Lo straordinario viaggio di T.S. Spivet: il discorso a Washington come segnale d’allarme
Leyton risponde alle aspettative che chiunque avrebbe per un bambino di quell’età, mentre la personalità di T.S. le scardina una per una, spiazzando gli adulti, incapaci di fare i conti con il suo modo di essere. C’è un’incomunicabilità di fondo tra il giovane, che si sente un pesce fuor d’acqua proprio perché non risponde al modello dell’infanzia costituito dal fratello ormai scomparso, e la sua famiglia, almeno apparentemente incapace di comprendere, incoraggiare e valorizzare il suo talento. Ma non sono solo le potenzialità del protagonista ad essere soffocate in quella casetta nel Montana, ma anche la necessità di affrontare il grave lutto e il senso di responsabilità dato dalla dipartita di Leyton, di cui non si è più parlato dopo l’accaduto.
Lo straordinario viaggio di T.S. Spivet a Washington per ritirare il premio sancisce quindi una doppia liberazione per il piccolo protagonista: riesce a dar sfogo a ciò per cui è tanto dotato, grazie alla sua invenzione, e a parlare, finalmente, della morte di suo fratello. Di qui il discorso che sentiamo allo Smithsonian Institute, in cui egli accosta insieme la sua invenzione al racconto di quella drammatica vicenda. Due cose che potrebbero sembrare scollegate tra di loro, ma che in realtà fanno parte dello stesso grido d’allarme di un bambino che ha bisogno di essere ascoltato, ma che nessun adulto sembra riuscire a comprendere davvero.

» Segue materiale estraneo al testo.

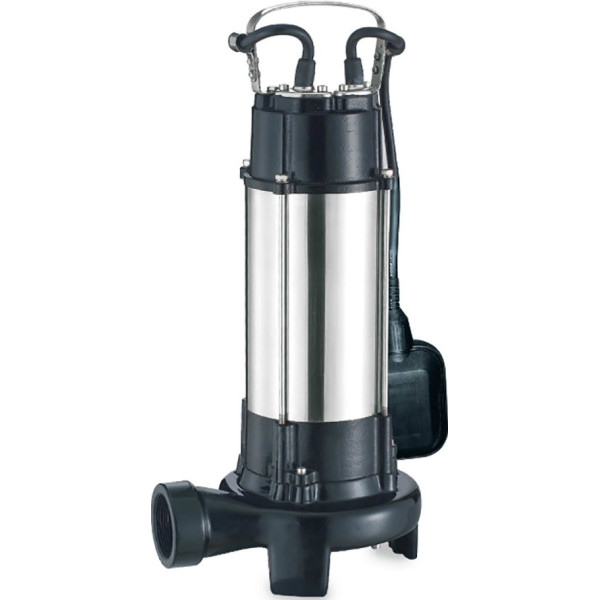 

Насос Aquatica 1.8 кВт Hmax 10 (773334)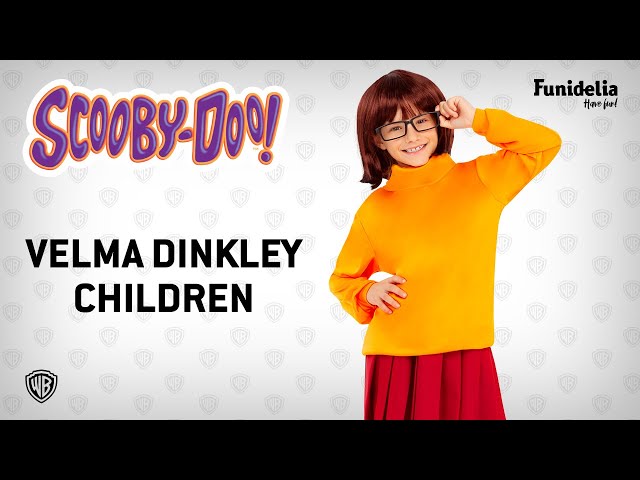 Vídeo relacionado con Funidelia Disfraz Oficial de Scooby Doo para hombre y mujer, Mono completo con cabeza de peluche, Talla M - Traje para adultos para fiestas, Carnaval y Halloween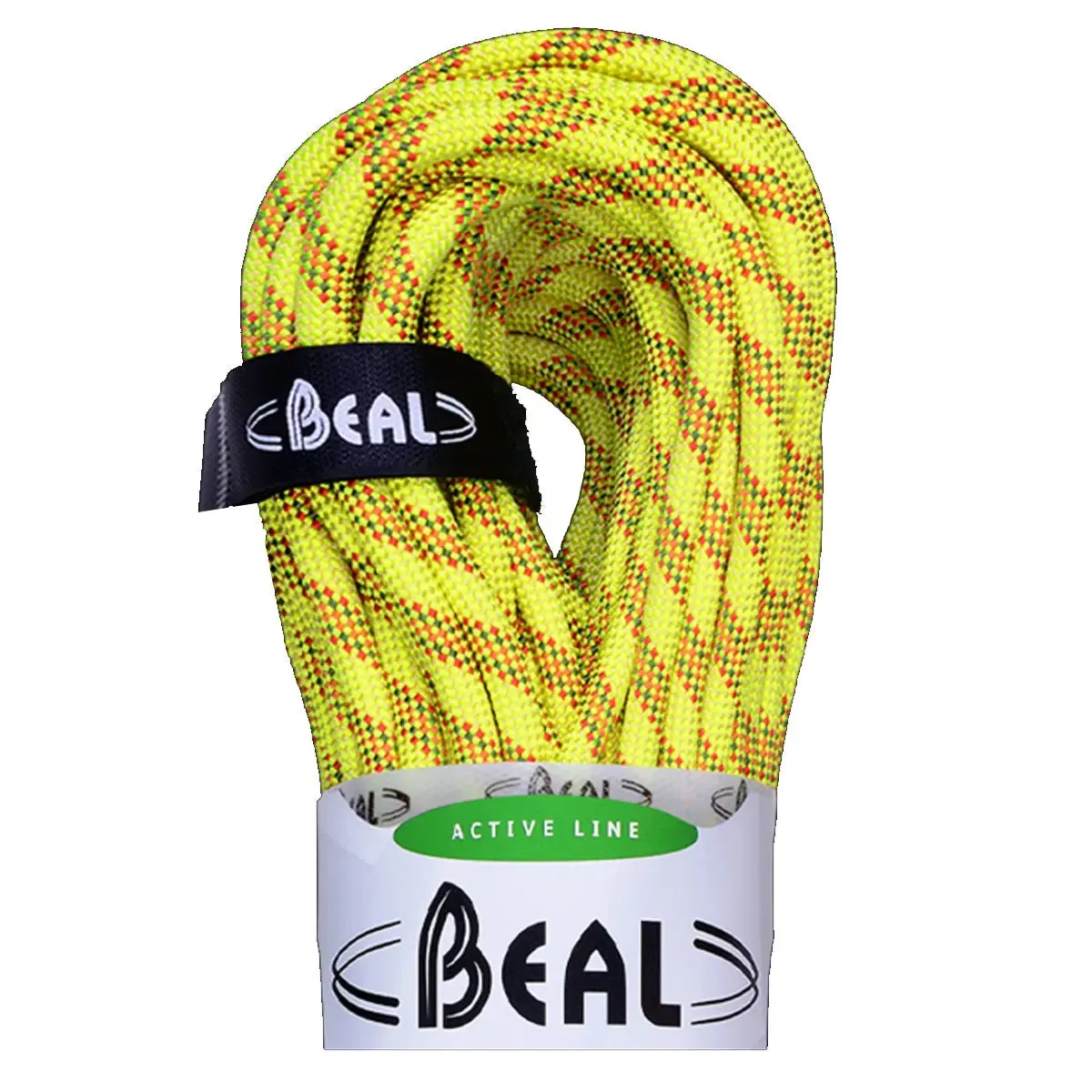 Antidote 10.2mm X 70m Rope - Yellow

Lo straordinario viaggio di T.S. Spivet porta il protagonista a recuperare l’infanzia perduta
A far da ponte tra T.S. Spivet e il mondo degli adulti, di cui il bambino ha un ovvio bisogno in quanto tale, è ovviamente la madre interpretata da Helena Bonham Carter. È lei la prima a cercare un punto di contatto con il figlio e lei ad accorrere a Washington in suo aiuto su due fronti diversi: difenderlo da donne e uomini d’affari che vogliono servirsi di lui senza il minimo interesse umano per una persona così giovane e aiutarlo a superare il grave senso di responsabilità che prova per la morte di Leyton.
Attraverso questi due step, la famiglia di T.S. accorre nel finale per aiutarlo a recuperare l’infanzia perduta, il proprio “albero di pino” in cui poter crescere ed essere valorizzato per quello che è, libero da sensi di colpa e responsabilità troppo grandi per un bambino della sua età.